And then you do explode.

 
 

Usually when you explode, someone gets hurt. Some of your stress is relieved, and you might possibly even have felt good for a few moments while you were releasing, but it doesn't last. The person or people you hurt may be the ones you love the most in the world--either way you don't like the results of your explosion.

You swore you wouldn't do it again, but you just can't seem to stop. You feel guilty, and you may or may not be able to apologize. When you do apologize nobody really believes you anymore. You might even think you were justified in your explosion, blaming someone else for how you felt.

Rage sets up a neurochemical reaction in the brain that can be addictive, producing what is known as rageaholism or ragaholics. What Rage Looks Like: Screaming, physical expressions of anger, violence or threats of violence, sulking, manipulation, emotional blackmail, silent smoldering, and anger used to punish. What Healthy Anger looks like: Healthy expression of anger involves confrontation of what makes you angry and an effort to set boundaries. (What you will do in response to what makes you angry.) i.e: When you (a behavior), I feel (a feeling) , and to protect myself I will _________. Healthy anger is not used to punish, is not violent, and isn't used to intimidate, control or manipulate.

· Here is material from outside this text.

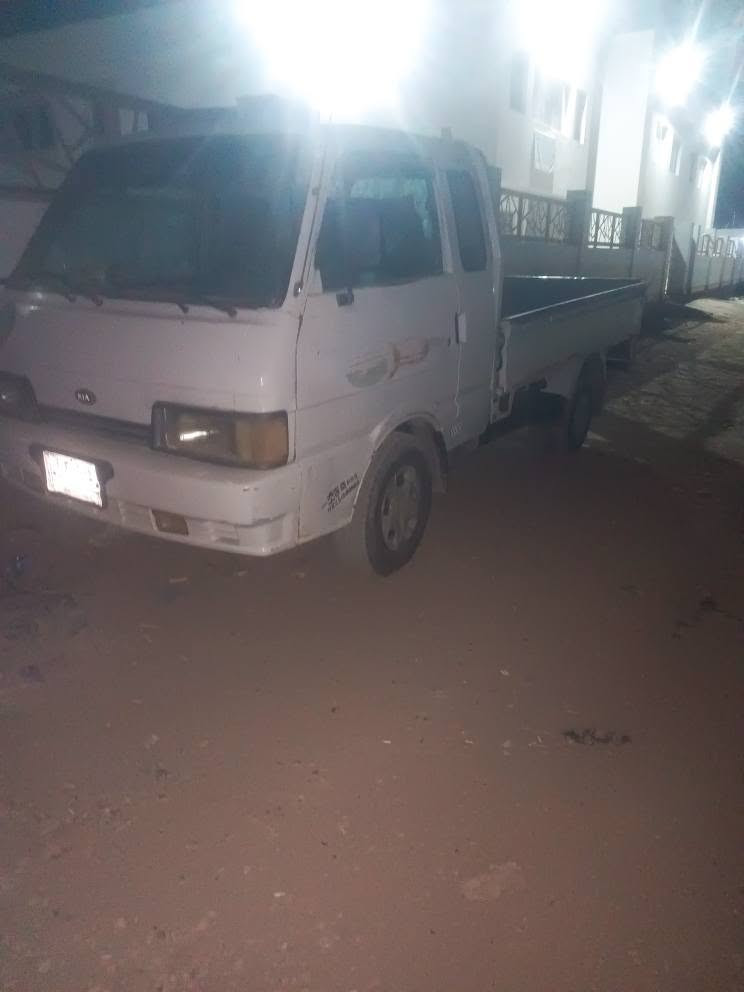سياره كيه بنكو مديل 95للبيع مكينه اوكير اوحداديه جدد السياره حلوه مداور اباي وقت تريد رقم بابل سنويه ساقطه مكاني حله شارع 80 موبايل *********** حلة, بابل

It is expressed, discussed, and moved through. Healthy anger is not stuffed down and ignored. (Stuffed anger created resentment and a wealth of physical / mental and emotional problems.) Healthy anger is not expressed in passive aggressive and manipulative ways.

CYCLE BREAKERS

Fortunately, there are many different ways to break the cycle of anger/rage addiction.

1. Learn to meet your unmet needs. There is a sad, frightened child in every anger/rage addict, whether they know it or not.

2. Identify the old behavior patterns and faulty thought processes that you have been using that maintain your addiction and destructive behavior.

3. Giving yourself some relief from physiological distress can also help to break anger/rage addiction cycles. Exercise, a healthy diet, relaxation or meditation can be very helpful in this area.

4. Finding healthy ways to release your anger and rage can be extremely helpful for breaking the addictive cycle.



WHAT YOU HAVE TO LOOK FORWARD TO

When you have effectively broken the anger and rage addiction cycle, your anger becomes healthy. Healthy anger is one of the most powerful resources you can have, and you can use it in positive ways to create the life of your dreams.